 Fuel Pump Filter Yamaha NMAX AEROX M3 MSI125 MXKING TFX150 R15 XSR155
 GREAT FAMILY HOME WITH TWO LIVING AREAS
--
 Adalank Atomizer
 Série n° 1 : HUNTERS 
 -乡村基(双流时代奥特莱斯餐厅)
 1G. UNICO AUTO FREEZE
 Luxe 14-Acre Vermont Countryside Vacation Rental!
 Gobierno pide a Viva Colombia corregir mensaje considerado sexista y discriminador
--
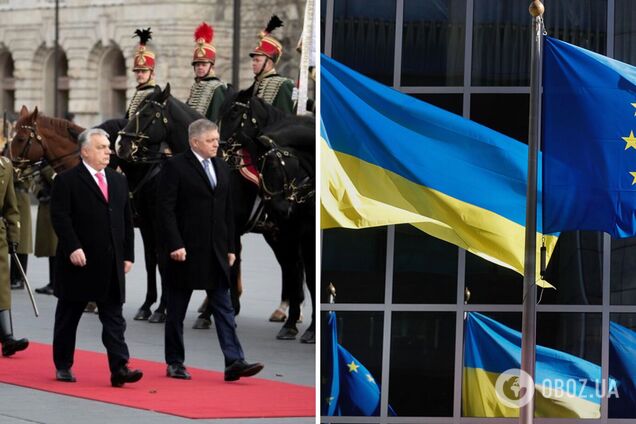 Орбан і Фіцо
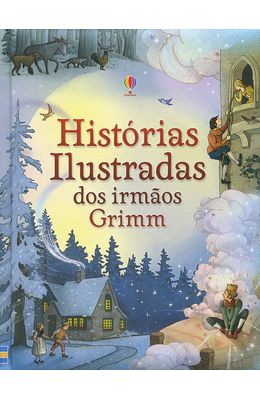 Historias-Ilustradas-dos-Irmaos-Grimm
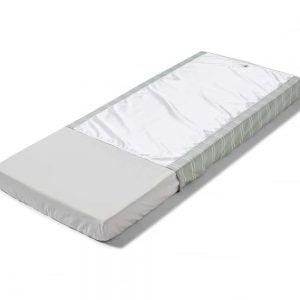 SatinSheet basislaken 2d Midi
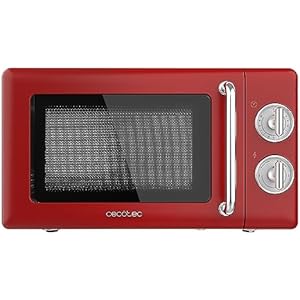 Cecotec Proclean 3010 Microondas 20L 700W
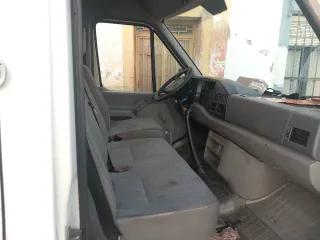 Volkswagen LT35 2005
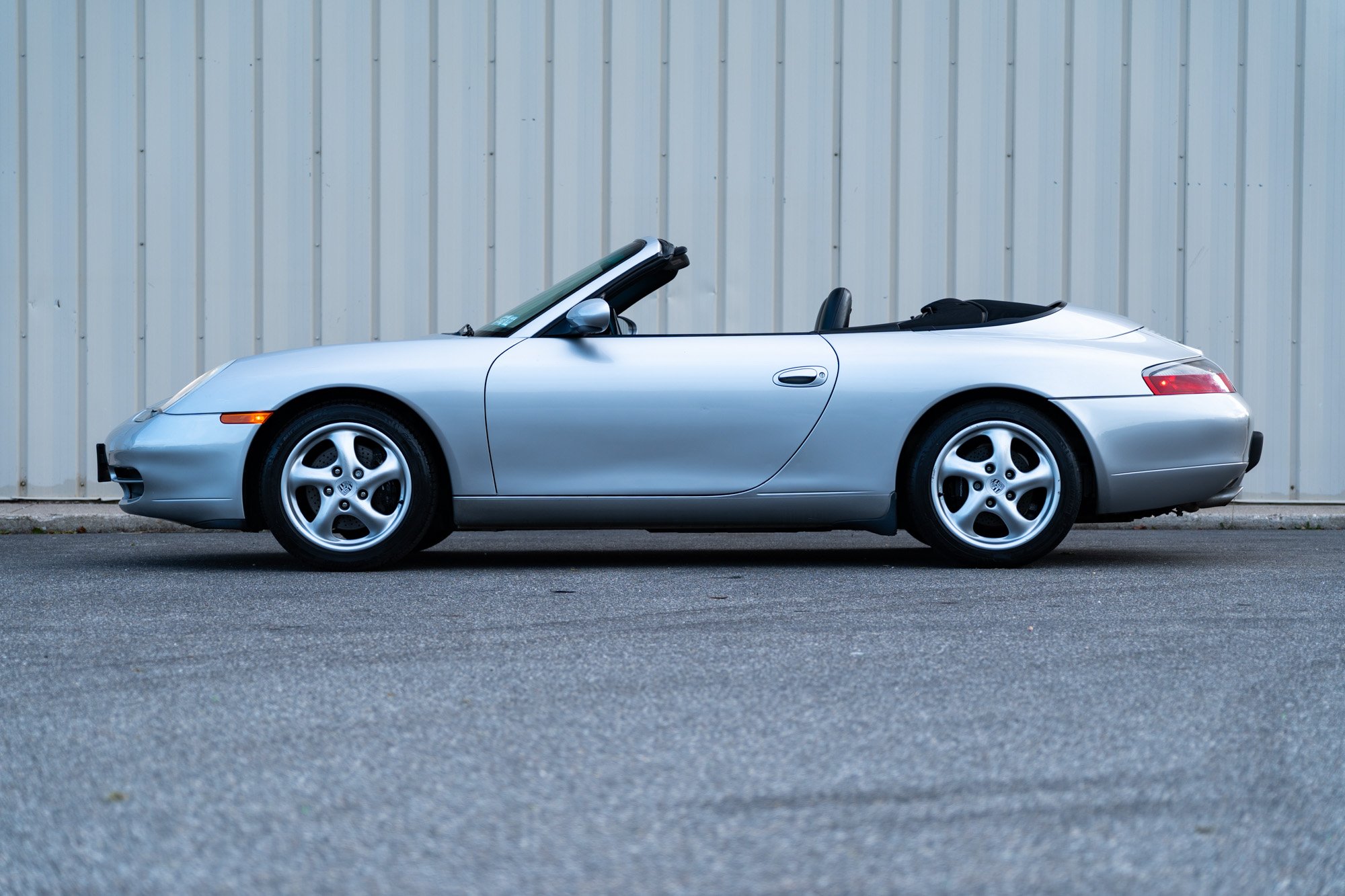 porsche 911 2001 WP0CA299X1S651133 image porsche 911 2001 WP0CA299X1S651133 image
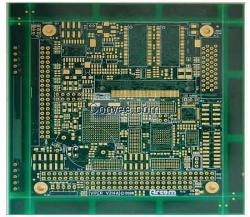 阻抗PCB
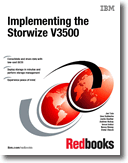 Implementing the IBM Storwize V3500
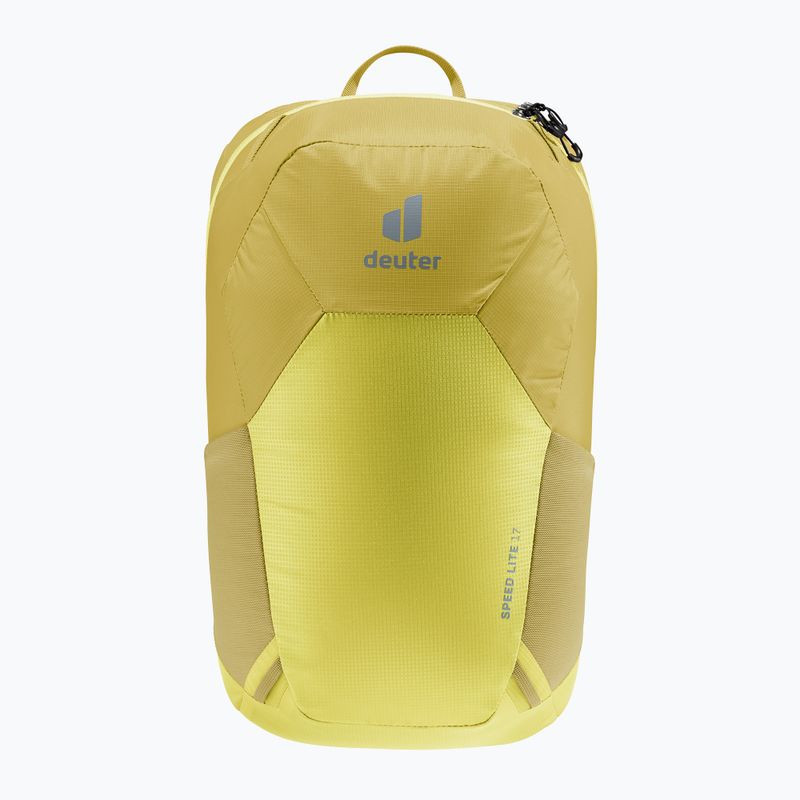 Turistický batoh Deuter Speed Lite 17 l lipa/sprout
--
• Aim of the exercise:
In the data above, start at the line that has "Fuel Pump Filter", stop after the line that has "GREAT FAMILY HOME WITH TWO LIVING AREAS", and print every line in between exactly as it stands.

• Exercise solution:
 Fuel Pump Filter Yamaha NMAX AEROX M3 MSI125 MXKING TFX150 R15 XSR155
 GREAT FAMILY HOME WITH TWO LIVING AREAS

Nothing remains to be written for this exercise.